Overall, Study 1 provides insights into the types and frequency of hopeful and doubtful associations that Americans have with global warming, which may have implications for political engagement on the issue. Results also help to pinpoint some common motivating or demotivating beliefs regarding climate change among Americans, and hint at potential avenues for hopeful messaging. A limitation of Study 1, however, is that it reflects hopes and doubts in a dynamic political environment, which has changed substantially since the survey was administered. Nonetheless, the content analysis of responses provides insights, such as the social nature of hope and doubt, and the commonness of false hope. Study 2 grew directly out of analyses from Study 1, so again focuses only on individuals who believe global warming is happening. In Study 2, the open-ended questions were used to construct closed-ended questions to allow modeling. Thus, Study 2 is a more quantitative analysis that examines hopeful and doubtful appraisals based on the open-ended (unprompted) questions in Study 1. Study 2 also assesses the strength of these appraisals in predicting political engagement with climate change.

Study 2

The purpose of Study 2 was to further examine Americans' hopes and doubts about climate change identified in Study 1 through analyses of their effects on political engagement. Study 1 revealed Americans' open-ended perceptions, which may be held more strongly than simple responses of agreement or disagreement to close-ended prompts. Operationalizing the results of Study 1 in close-ended questions, however, allows us to assess the hopeful and doubtful appraisals of climate change and the relationship of these appraisals to political engagement. We expected to find positive (negative) relationships between hopeful (doubtful) appraisals and both policy support and political behavioral intentions; however, it is also plausible that there are different types of hopeful and doubtful appraisals (as we found in Study 1) that differentially predict engagement. To examine these questions, we developed measures of hope and doubt based on the open-ended results from Study 1, and assessed the relative strength of appraisal indices created from the hope and doubt measures in predicting political behavioral intentions and policy preferences. Further, to elucidate the moderation or boundary conditions of relationships (following Slater and Gleason's, 2012, Strategy 4.1), we also explored interactions between hope and doubt on engagement.

Study 2 Method

Participants and Recruitment

Data were gathered from 1,657 American adults who completed a nationally-representative survey (part of the Climate Change in the American Mind project) in December, 20133. Sampling and weighting replicated procedures described in Study 1. Participant demographics were closely representative of the adult US population (Table 1).

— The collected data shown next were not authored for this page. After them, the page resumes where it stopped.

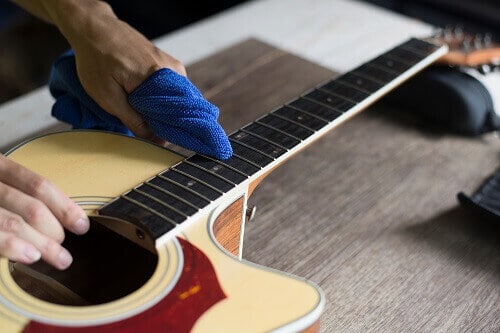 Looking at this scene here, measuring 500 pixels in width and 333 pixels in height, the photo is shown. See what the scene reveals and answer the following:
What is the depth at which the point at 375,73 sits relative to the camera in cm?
83

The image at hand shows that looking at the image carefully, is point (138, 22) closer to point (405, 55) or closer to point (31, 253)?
point (405, 55)

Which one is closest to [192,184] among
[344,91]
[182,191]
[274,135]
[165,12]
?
[182,191]

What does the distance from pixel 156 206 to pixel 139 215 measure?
0.02 m

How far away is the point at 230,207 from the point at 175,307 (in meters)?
0.14

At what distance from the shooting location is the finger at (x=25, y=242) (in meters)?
0.55

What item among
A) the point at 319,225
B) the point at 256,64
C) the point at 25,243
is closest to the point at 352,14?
the point at 256,64

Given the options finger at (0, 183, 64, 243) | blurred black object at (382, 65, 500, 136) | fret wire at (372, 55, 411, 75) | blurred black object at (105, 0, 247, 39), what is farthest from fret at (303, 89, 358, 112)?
blurred black object at (105, 0, 247, 39)

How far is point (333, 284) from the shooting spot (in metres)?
0.70

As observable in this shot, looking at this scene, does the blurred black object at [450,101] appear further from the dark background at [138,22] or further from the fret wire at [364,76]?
the dark background at [138,22]

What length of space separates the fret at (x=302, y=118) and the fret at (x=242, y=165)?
0.09 m

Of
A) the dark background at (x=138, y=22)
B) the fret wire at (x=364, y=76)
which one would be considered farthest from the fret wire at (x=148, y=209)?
the dark background at (x=138, y=22)

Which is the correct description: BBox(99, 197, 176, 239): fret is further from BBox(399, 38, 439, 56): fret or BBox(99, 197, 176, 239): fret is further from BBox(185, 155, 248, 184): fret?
BBox(399, 38, 439, 56): fret

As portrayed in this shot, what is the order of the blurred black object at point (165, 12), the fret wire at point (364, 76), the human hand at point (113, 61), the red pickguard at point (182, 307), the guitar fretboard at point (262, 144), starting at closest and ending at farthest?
the red pickguard at point (182, 307) < the guitar fretboard at point (262, 144) < the human hand at point (113, 61) < the fret wire at point (364, 76) < the blurred black object at point (165, 12)

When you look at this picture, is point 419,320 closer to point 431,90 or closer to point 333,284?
point 333,284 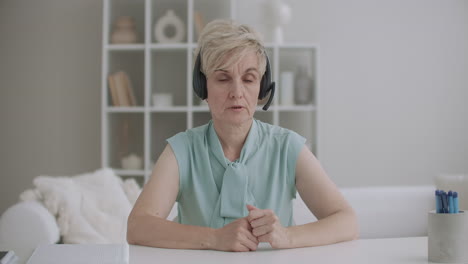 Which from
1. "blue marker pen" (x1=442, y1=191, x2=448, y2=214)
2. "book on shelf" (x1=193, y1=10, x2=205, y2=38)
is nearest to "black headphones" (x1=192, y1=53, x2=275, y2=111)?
"blue marker pen" (x1=442, y1=191, x2=448, y2=214)

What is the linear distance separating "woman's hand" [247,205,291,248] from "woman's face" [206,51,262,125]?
1.16ft

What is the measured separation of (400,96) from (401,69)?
197mm

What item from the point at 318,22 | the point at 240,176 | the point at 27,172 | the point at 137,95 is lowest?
the point at 27,172

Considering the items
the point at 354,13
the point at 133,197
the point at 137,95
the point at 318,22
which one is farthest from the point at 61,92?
the point at 354,13

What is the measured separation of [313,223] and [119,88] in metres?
2.81

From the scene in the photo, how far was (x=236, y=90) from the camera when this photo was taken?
152 centimetres

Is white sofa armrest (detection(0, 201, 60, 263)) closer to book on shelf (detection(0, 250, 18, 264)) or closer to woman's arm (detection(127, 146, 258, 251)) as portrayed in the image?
woman's arm (detection(127, 146, 258, 251))

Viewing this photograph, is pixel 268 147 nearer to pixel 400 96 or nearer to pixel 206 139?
pixel 206 139

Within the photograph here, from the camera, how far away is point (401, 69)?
4.30m

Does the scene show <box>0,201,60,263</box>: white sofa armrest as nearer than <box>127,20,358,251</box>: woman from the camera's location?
No

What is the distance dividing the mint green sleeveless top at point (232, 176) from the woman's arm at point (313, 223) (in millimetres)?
50

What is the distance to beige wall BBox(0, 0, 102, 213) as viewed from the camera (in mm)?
4293

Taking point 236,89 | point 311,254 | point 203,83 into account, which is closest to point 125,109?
point 203,83

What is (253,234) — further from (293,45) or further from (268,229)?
(293,45) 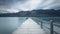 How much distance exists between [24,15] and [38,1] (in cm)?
35

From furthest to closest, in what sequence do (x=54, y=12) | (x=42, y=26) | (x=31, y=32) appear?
(x=42, y=26) → (x=31, y=32) → (x=54, y=12)

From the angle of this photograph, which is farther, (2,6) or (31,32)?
(31,32)

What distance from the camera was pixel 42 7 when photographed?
6.72ft

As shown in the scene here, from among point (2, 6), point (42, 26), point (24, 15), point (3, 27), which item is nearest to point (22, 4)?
point (24, 15)

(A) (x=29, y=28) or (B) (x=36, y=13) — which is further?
(A) (x=29, y=28)

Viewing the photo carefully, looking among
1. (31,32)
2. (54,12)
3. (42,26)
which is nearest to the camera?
(54,12)

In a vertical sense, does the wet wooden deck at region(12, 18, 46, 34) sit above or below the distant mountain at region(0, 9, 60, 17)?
below

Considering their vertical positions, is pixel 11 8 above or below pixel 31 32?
above

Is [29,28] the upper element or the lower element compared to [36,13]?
lower

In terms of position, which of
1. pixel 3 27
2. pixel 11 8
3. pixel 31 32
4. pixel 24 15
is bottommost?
pixel 31 32

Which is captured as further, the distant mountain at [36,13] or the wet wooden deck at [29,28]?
the wet wooden deck at [29,28]

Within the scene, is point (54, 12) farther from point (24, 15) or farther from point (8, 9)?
point (8, 9)

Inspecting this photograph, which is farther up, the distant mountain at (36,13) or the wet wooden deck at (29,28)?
the distant mountain at (36,13)

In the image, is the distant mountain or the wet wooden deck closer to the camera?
the distant mountain
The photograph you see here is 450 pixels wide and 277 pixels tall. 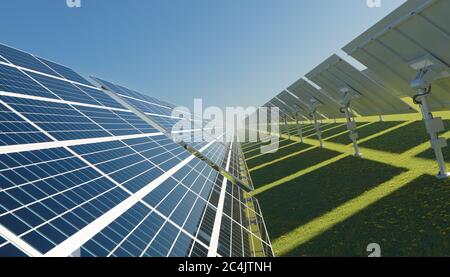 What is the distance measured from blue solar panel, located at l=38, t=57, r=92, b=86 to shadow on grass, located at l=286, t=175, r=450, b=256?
1759 centimetres

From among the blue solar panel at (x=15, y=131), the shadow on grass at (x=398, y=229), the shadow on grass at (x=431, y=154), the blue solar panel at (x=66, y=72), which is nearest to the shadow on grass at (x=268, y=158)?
the shadow on grass at (x=431, y=154)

As in Study 1, our sample was limited to Americans who believe global warming is happening, at least to some extent. Of the 1,657 initial survey respondents, 198 did not receive the hope and doubt items (about 12%) because they said they were “extremely” or “very sure” global warming is not happening. Of the remaining respondents, 149 were excluded due to excessive missing data (about 10%; see Supplementary Material for procedures) resulting in a final sample size of 1,310 respondents.

Because some cases were still missing data on some of the questions, we used the hot deck imputation method (Myers, 2011) to impute values (see Supplementary Material for details). The percentage of cases that had at least one item imputed in any one of the scales (hope, doubt, political engagement, and policy preferences) ranged from 4.2 to 9.8%.

There were some small differences between the retained sample and the cases that were excluded due to missing data (see Supplementary Material). Although respondents who were retained had relatively similar levels of efficacy, policy support, and political behavioral intentions compared to excluded cases, dropped respondents scored lower on constructive hope and doubt, and scored higher on false hope and fatalistic doubt. These results indicate there may be some bias in our final sample. In addition to excluding respondents who are certain global warming is not happening, our final set of respondents may not be representative of the general public and, accordingly, results should be interpreted with some degree of caution.

Design and Measures

All questionnaires were self-administered by respondents in a web-based environment. The survey took an average of 29 min to complete. Closed-ended items (based on the themes that emerged from Study 1) included 11 statements that reflect reasons why people are hopeful about climate change, and 10 statements that reflect reasons why people are discouraged or doubtful about climate change. The question stem for the hopeful and doubtful reasons was identical and read “Please indicate how strongly you agree or disagree with each of the following statements” with response options as follows: “Strongly disagree”; “Somewhat disagree”; “Somewhat agree”; “Strongly agree”; and a “Don't Know” option (coded as the midpoint of the 5-point scale).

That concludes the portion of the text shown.